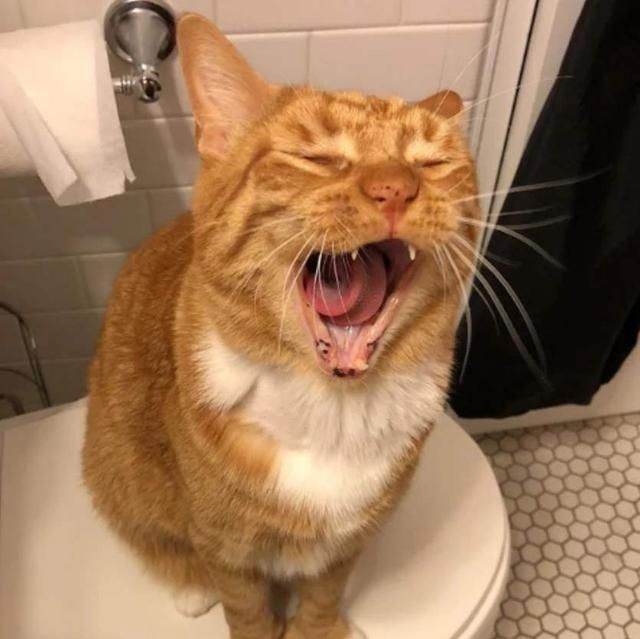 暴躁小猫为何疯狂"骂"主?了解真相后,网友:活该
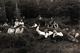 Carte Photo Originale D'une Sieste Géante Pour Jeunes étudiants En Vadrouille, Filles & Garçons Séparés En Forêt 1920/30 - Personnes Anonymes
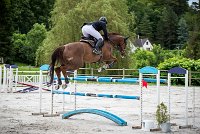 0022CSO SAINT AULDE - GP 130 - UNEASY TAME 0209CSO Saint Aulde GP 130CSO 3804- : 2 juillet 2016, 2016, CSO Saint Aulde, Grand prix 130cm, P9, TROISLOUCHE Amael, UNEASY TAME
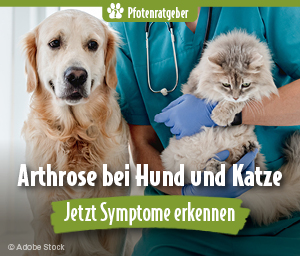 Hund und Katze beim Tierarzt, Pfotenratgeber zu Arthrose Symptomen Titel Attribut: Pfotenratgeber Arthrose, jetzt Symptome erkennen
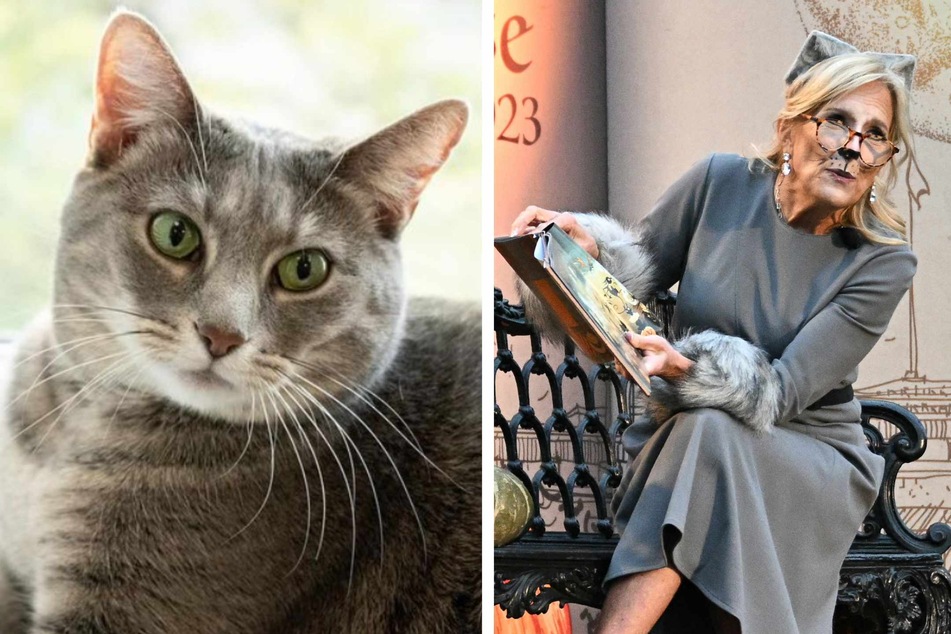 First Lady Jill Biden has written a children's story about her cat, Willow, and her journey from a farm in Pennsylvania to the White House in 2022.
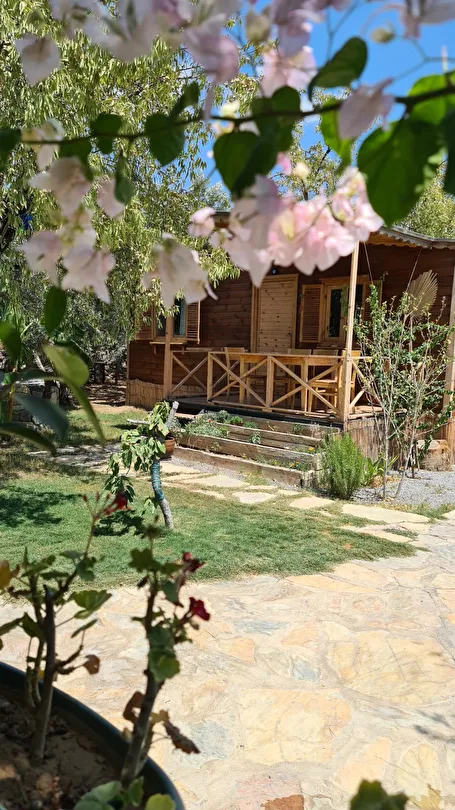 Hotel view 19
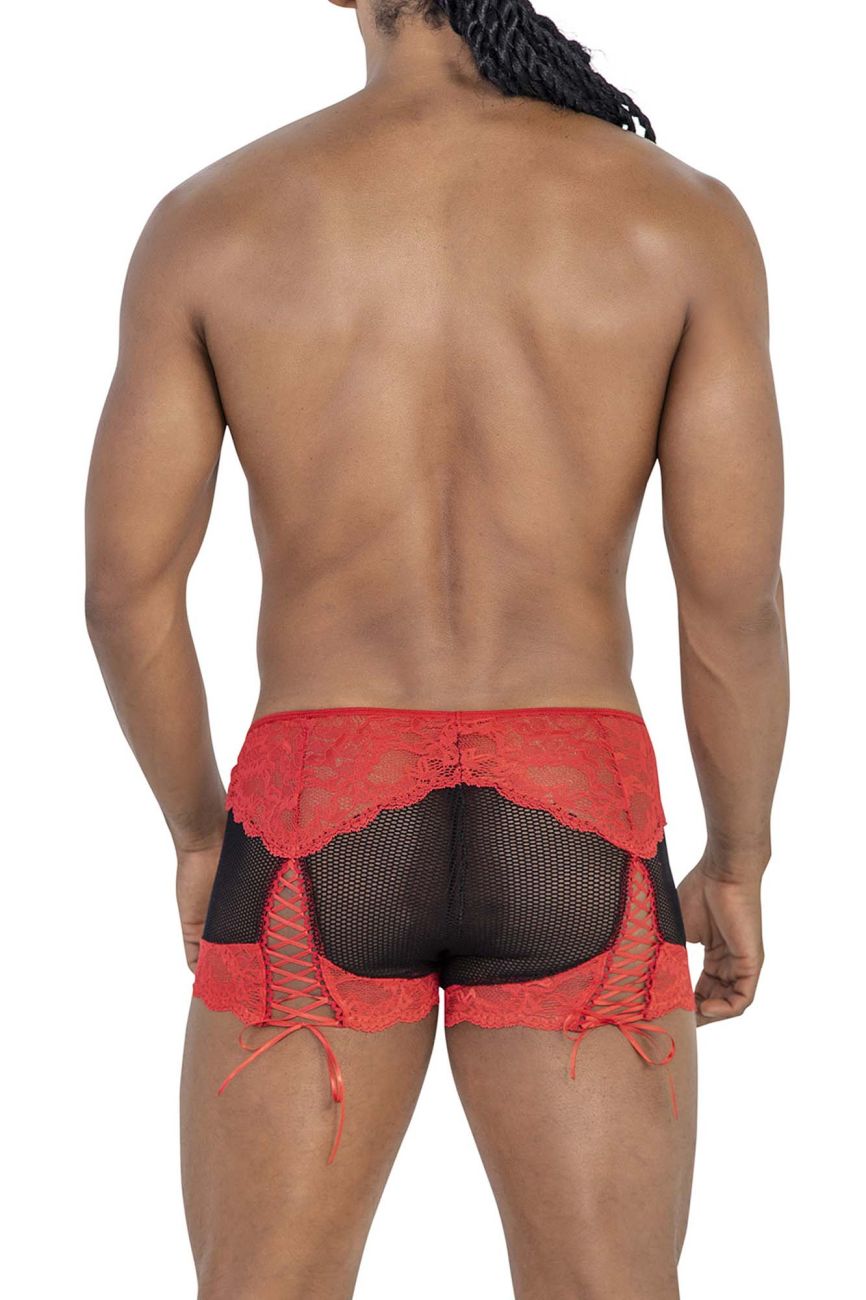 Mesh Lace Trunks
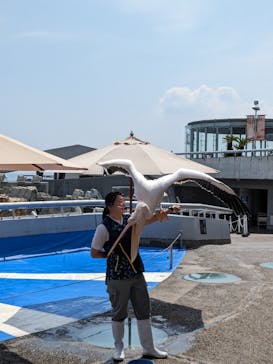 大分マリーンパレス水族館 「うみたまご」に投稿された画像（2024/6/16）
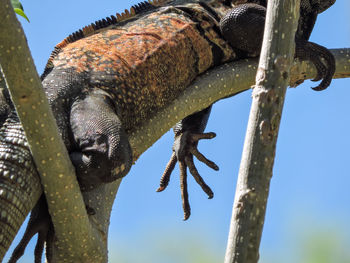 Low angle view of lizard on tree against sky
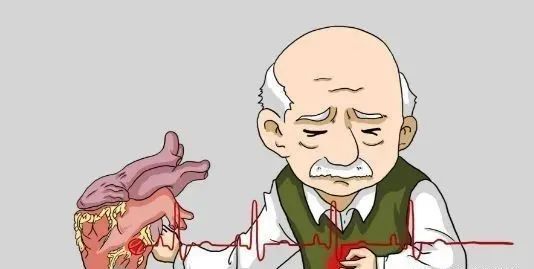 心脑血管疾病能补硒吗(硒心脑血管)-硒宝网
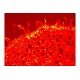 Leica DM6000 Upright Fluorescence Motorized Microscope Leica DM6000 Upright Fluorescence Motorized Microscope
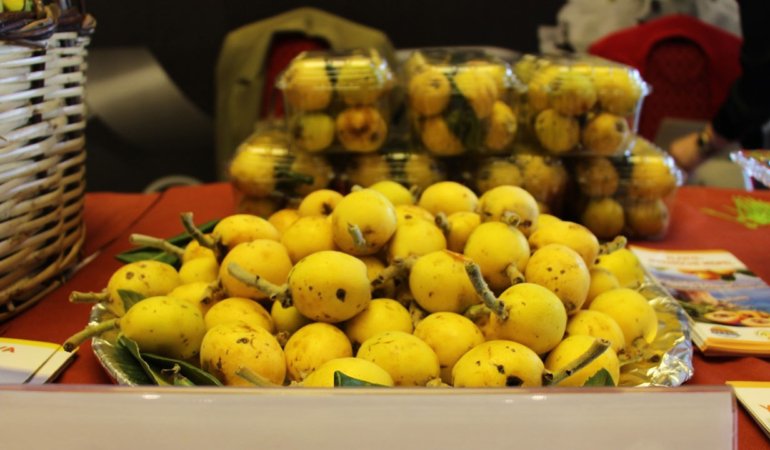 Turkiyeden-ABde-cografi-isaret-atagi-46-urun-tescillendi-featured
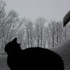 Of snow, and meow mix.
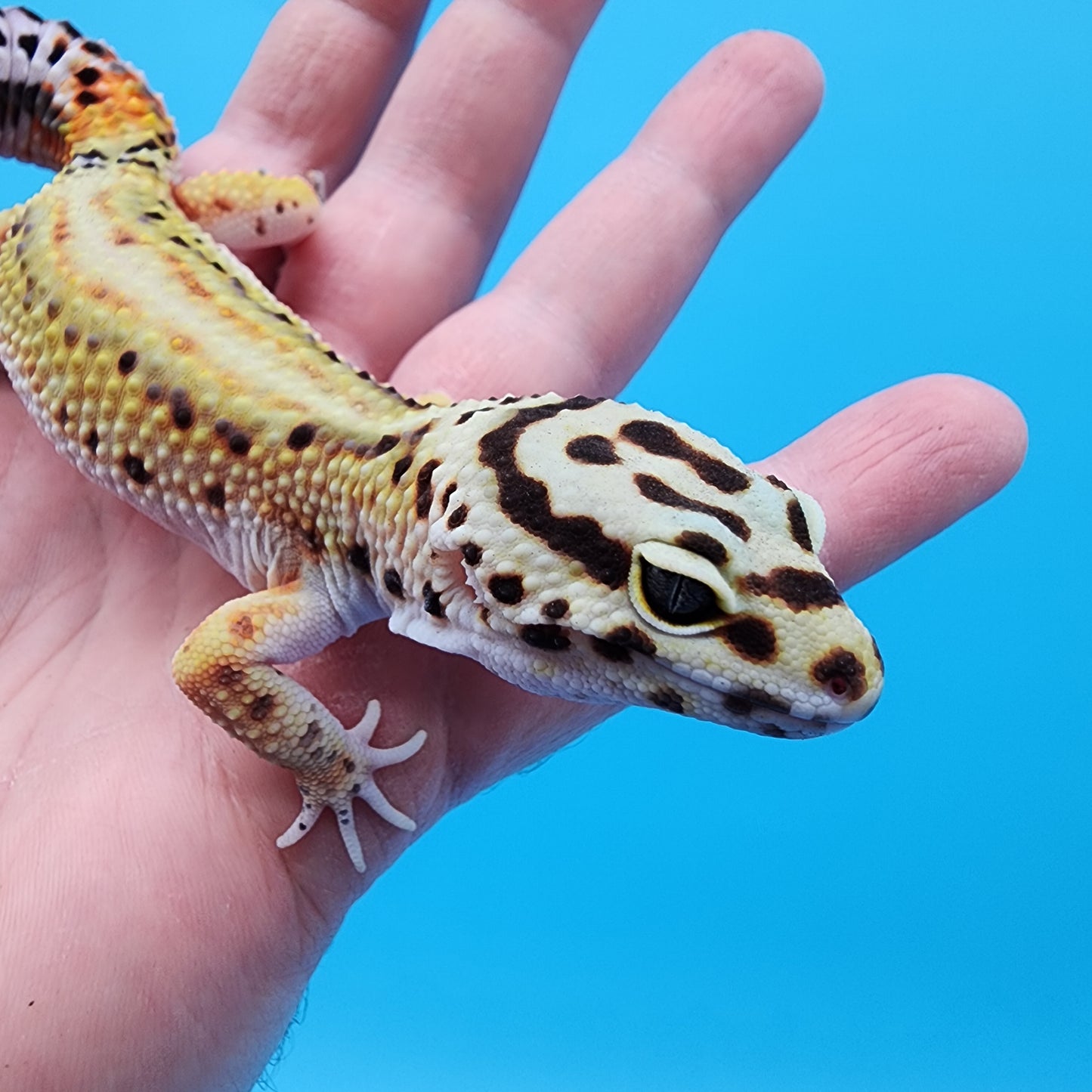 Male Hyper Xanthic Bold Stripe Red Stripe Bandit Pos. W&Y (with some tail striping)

## Requirement
Return the whole listing word for word. Pictures stay out of it.

## The completed task
 暴躁小猫为何疯狂"骂"主?了解真相后,网友:活该
 Carte Photo Originale D'une Sieste Géante Pour Jeunes étudiants En Vadrouille, Filles & Garçons Séparés En Forêt 1920/30 - Personnes Anonymes
 0022CSO SAINT AULDE - GP 130 - UNEASY TAME 0209CSO Saint Aulde GP 130CSO 3804- : 2 juillet 2016, 2016, CSO Saint Aulde, Grand prix 130cm, P9, TROISLOUCHE Amael, UNEASY TAME
 Hund und Katze beim Tierarzt, Pfotenratgeber zu Arthrose Symptomen Titel Attribut: Pfotenratgeber Arthrose, jetzt Symptome erkennen
 First Lady Jill Biden has written a children's story about her cat, Willow, and her journey from a farm in Pennsylvania to the White House in 2022.
 Hotel view 19
 Mesh Lace Trunks
 大分マリーンパレス水族館 「うみたまご」に投稿された画像（2024/6/16）
 Low angle view of lizard on tree against sky
 心脑血管疾病能补硒吗(硒心脑血管)-硒宝网
 Leica DM6000 Upright Fluorescence Motorized Microscope Leica DM6000 Upright Fluorescence Motorized Microscope
 Turkiyeden-ABde-cografi-isaret-atagi-46-urun-tescillendi-featured
 Of snow, and meow mix.
 Male Hyper Xanthic Bold Stripe Red Stripe Bandit Pos. W&Y (with some tail striping)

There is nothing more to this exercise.